> **WHAT THE TASK ASKS**
Below are some records. Return exactly their lines from the one containing "A person wearing" through the one containing "May include: Three", and drop the pictures.

> **SUPPLIED INFORMATION**

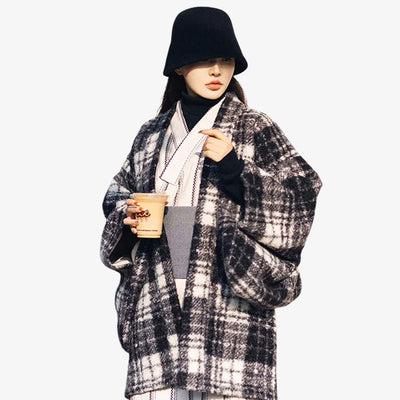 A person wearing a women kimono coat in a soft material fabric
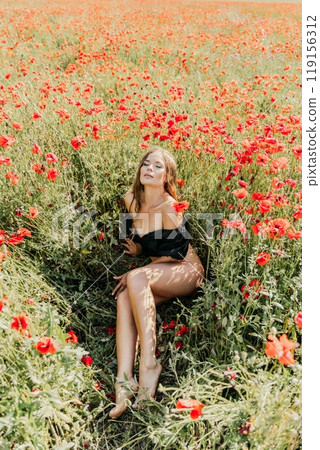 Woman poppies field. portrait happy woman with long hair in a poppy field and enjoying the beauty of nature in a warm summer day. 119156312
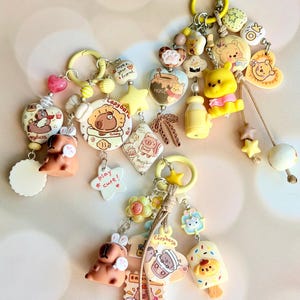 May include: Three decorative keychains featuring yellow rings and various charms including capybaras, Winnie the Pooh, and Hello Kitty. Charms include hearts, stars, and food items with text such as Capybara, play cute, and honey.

---

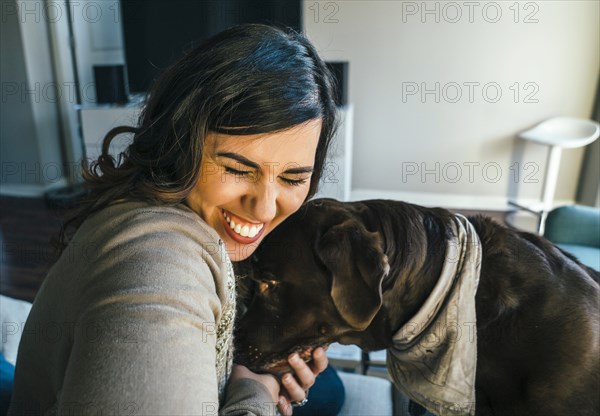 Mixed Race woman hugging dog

--

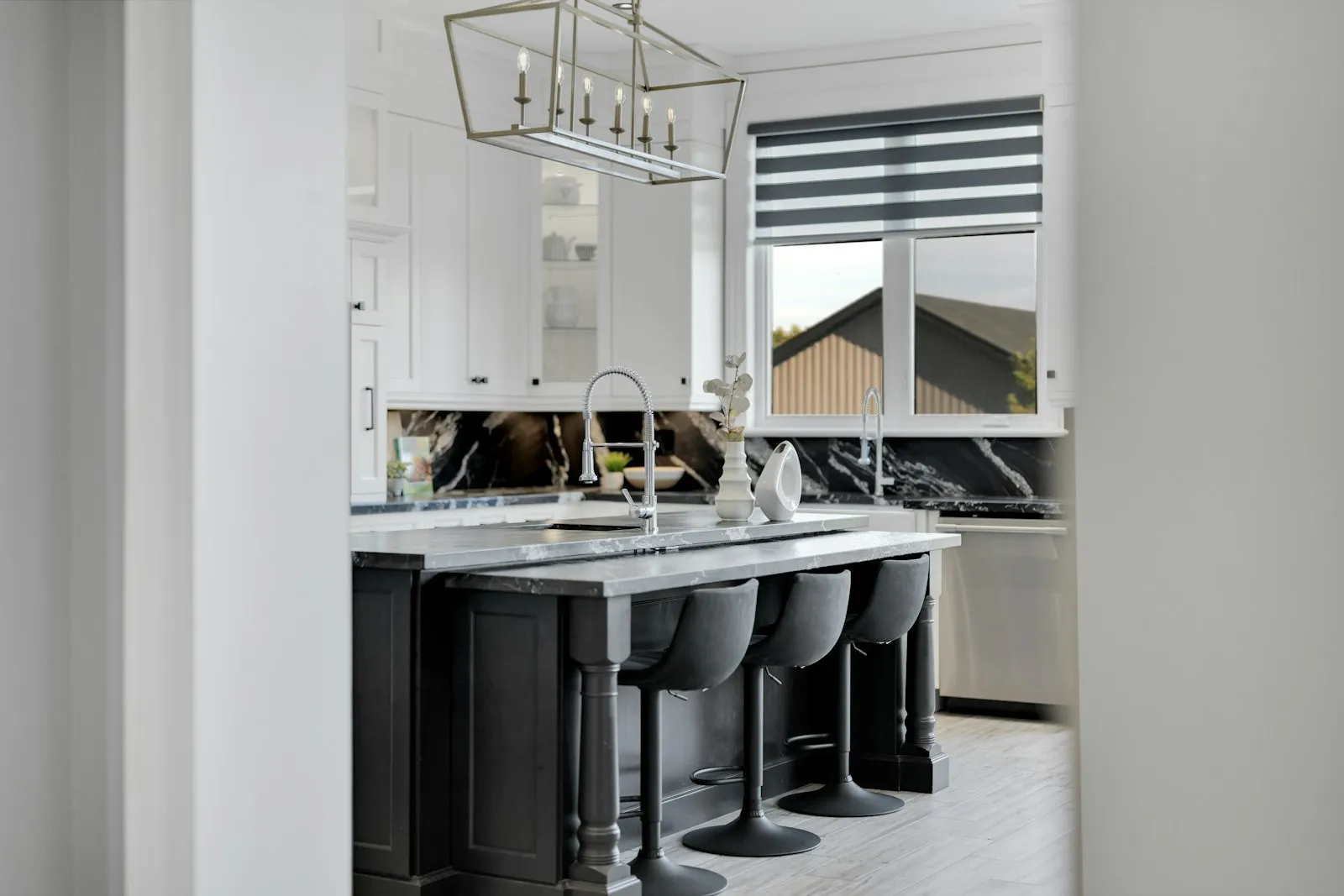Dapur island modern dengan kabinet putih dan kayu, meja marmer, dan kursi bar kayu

> **TASK ANSWER**
 A person wearing a women kimono coat in a soft material fabric
 Woman poppies field. portrait happy woman with long hair in a poppy field and enjoying the beauty of nature in a warm summer day. 119156312
 May include: Three decorative keychains featuring yellow rings and various charms including capybaras, Winnie the Pooh, and Hello Kitty. Charms include hearts, stars, and food items with text such as Capybara, play cute, and honey.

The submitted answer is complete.